◆ Instructions for the task
Lines containing the word "Leather" are to be copied from the data below.

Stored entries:
↓

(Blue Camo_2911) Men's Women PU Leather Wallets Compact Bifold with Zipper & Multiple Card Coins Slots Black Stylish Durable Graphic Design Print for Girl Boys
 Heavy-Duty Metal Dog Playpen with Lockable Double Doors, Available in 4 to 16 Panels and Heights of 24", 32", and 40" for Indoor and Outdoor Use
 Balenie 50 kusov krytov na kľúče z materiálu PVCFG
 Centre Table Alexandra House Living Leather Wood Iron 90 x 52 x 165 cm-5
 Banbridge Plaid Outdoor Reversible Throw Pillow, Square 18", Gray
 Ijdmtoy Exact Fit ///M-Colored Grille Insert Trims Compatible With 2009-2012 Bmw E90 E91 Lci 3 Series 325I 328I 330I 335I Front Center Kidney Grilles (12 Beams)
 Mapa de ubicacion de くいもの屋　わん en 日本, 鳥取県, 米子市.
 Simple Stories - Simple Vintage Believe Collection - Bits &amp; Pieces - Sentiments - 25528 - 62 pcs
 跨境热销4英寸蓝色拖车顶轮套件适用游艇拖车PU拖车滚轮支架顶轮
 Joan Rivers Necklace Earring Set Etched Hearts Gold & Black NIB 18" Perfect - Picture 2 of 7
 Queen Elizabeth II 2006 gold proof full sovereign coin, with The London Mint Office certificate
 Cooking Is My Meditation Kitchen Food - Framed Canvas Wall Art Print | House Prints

↑

◆ Result for this task
(Blue Camo_2911) Men's Women PU Leather Wallets Compact Bifold with Zipper & Multiple Card Coins Slots Black Stylish Durable Graphic Design Print for Girl Boys
 Centre Table Alexandra House Living Leather Wood Iron 90 x 52 x 165 cm-5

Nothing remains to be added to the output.